* What is needed *
Return every entry below word for word and leave out any picture.

▼

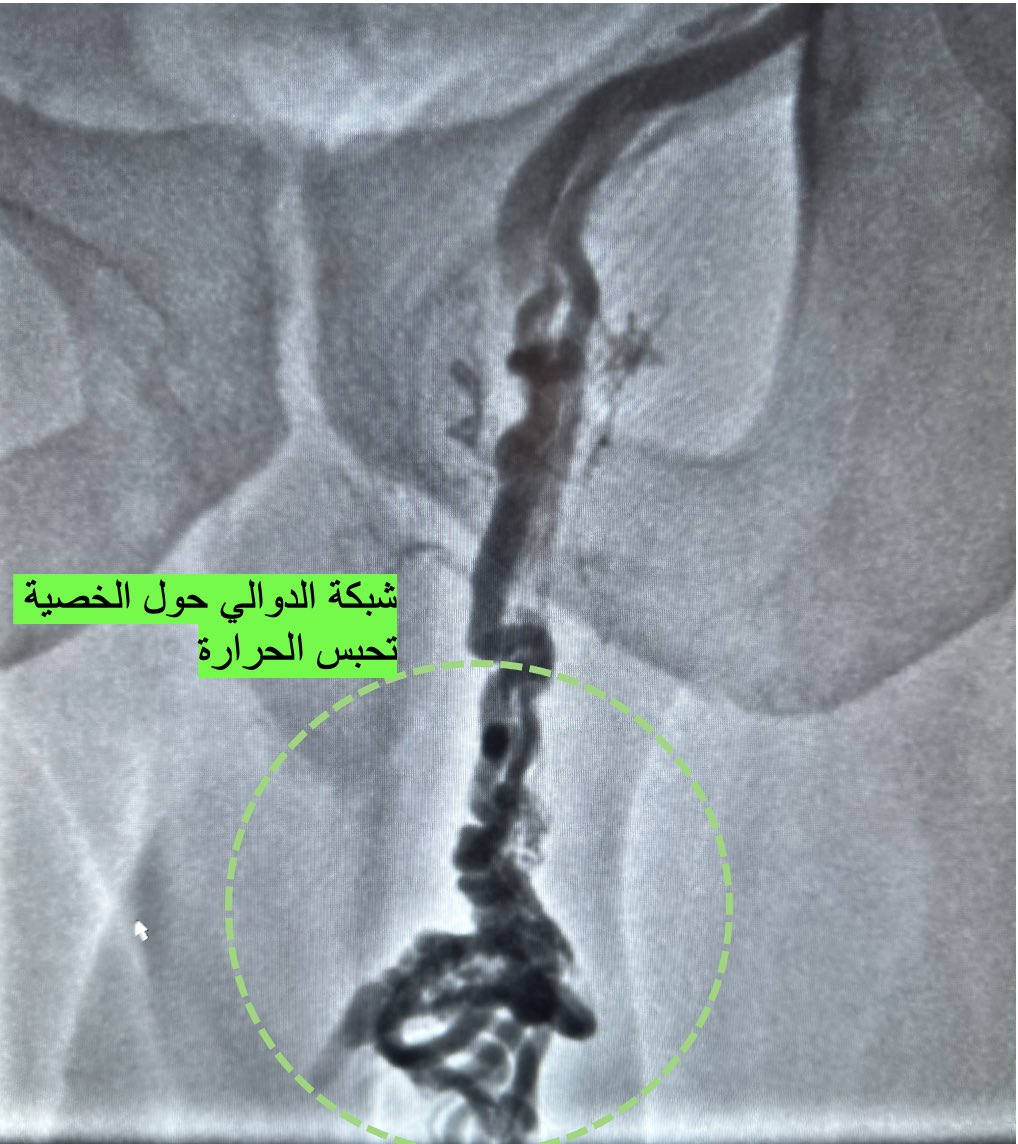 علاج دوالي الخصية بالقسطرة:
- علاج الارتجاع من اعلى الظهر (لتقليل نسبة العودة مثل هذه الحالة التي عملت بالمجهر)
- علاج جميع دوالي الخصية (حتى الصغيرة منها ولا يمكن رؤيتها بالمجهر/المايكروسكوب - كما هو موضح)
- علاج شبكة الدوالي حول الخصية (لا تربط جراحياً)
- عدم لمس القنوات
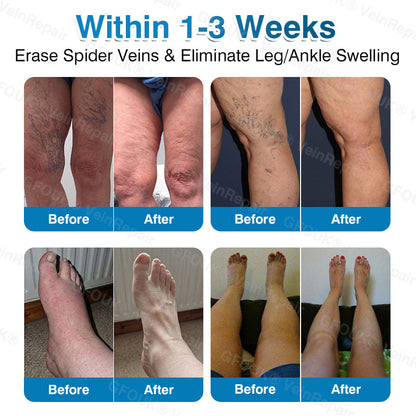 💛💛GFOUK® VeinRepair Microneedle Patch Roll⚡Instant Relief, Long-Term Results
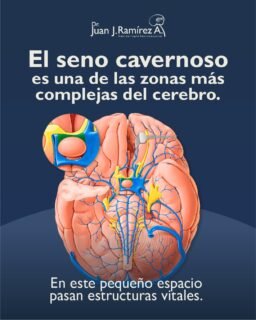 🧠 Hay zonas del cerebro donde cada milímetro importa.
El seno cavernoso es una de las regiones más complejas, donde convergen estructuras clave para funciones como la visión, el movimiento ocular y la sensibilidad facial.
Por eso, cualquier alteración en esta área requiere un enfoque altamente especializado. Agenda tu consulta y recibe atención especializada a tiempo.
 📲 Agenda tu valoración: 33 3113 2125
📍 Guadalajara, Jalisco.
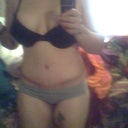 two weeks after tummy tuck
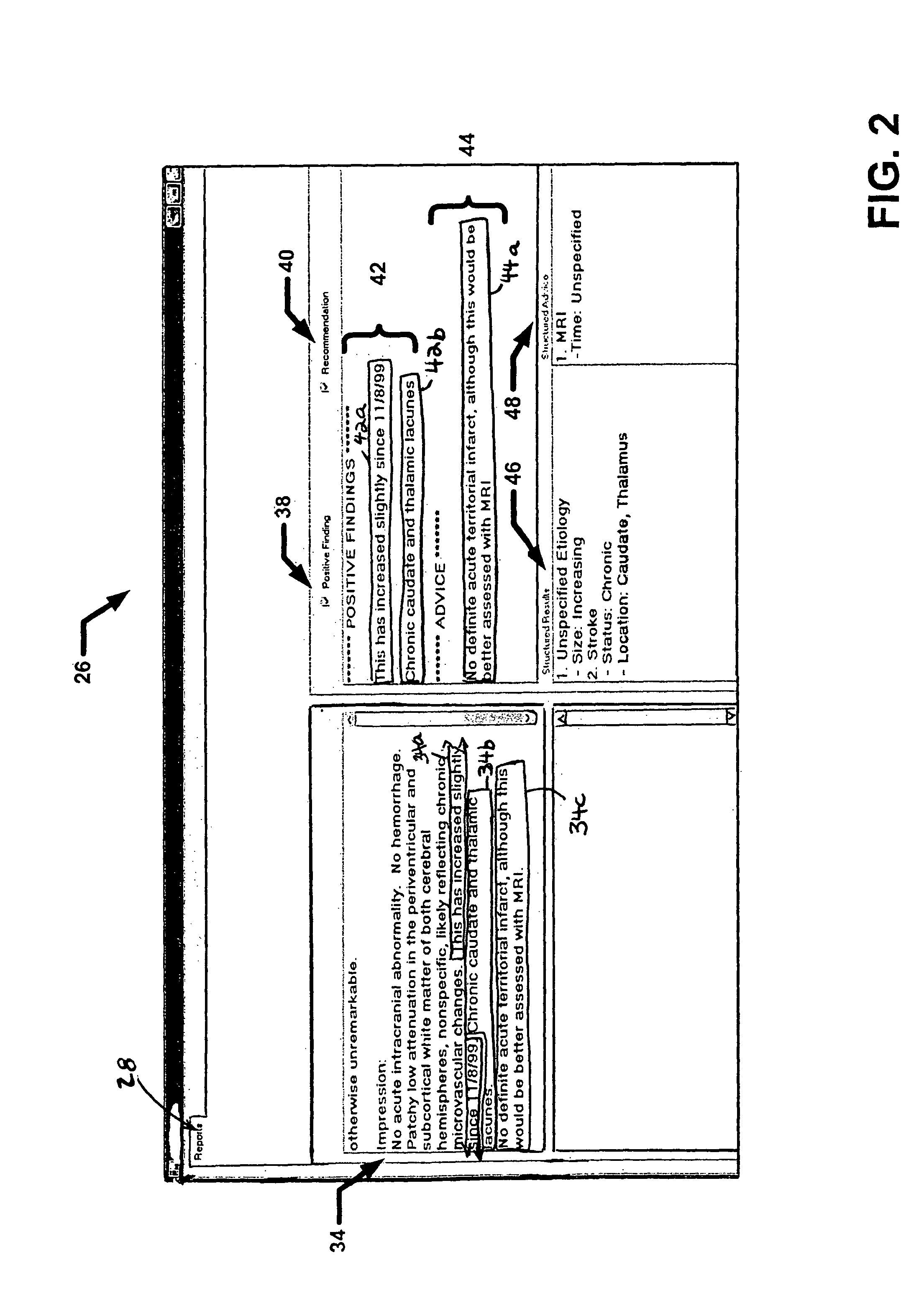 Information theory entropy reduction program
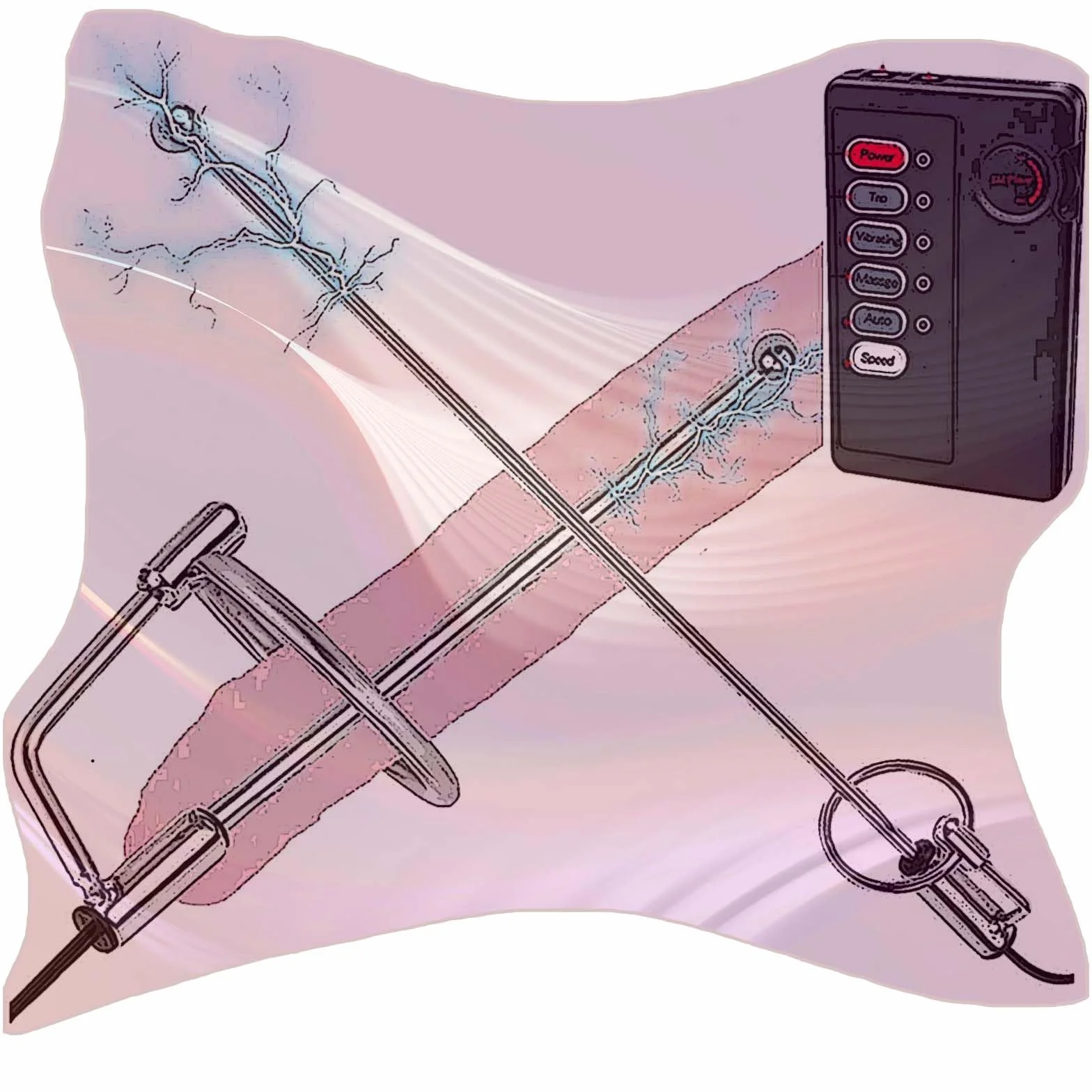 Asta sonora in acciaio inossidabile con controller, set fitness per barella di stimolazione speciale maschile -D17IT (B:10mm)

▲

* Result of the task *
 علاج دوالي الخصية بالقسطرة:
- علاج الارتجاع من اعلى الظهر (لتقليل نسبة العودة مثل هذه الحالة التي عملت بالمجهر)
- علاج جميع دوالي الخصية (حتى الصغيرة منها ولا يمكن رؤيتها بالمجهر/المايكروسكوب - كما هو موضح)
- علاج شبكة الدوالي حول الخصية (لا تربط جراحياً)
- عدم لمس القنوات
 💛💛GFOUK® VeinRepair Microneedle Patch Roll⚡Instant Relief, Long-Term Results
 🧠 Hay zonas del cerebro donde cada milímetro importa.
El seno cavernoso es una de las regiones más complejas, donde convergen estructuras clave para funciones como la visión, el movimiento ocular y la sensibilidad facial.
Por eso, cualquier alteración en esta área requiere un enfoque altamente especializado. Agenda tu consulta y recibe atención especializada a tiempo.
 📲 Agenda tu valoración: 33 3113 2125
📍 Guadalajara, Jalisco.
 two weeks after tummy tuck
 Information theory entropy reduction program
 Asta sonora in acciaio inossidabile con controller, set fitness per barella di stimolazione speciale maschile -D17IT (B:10mm)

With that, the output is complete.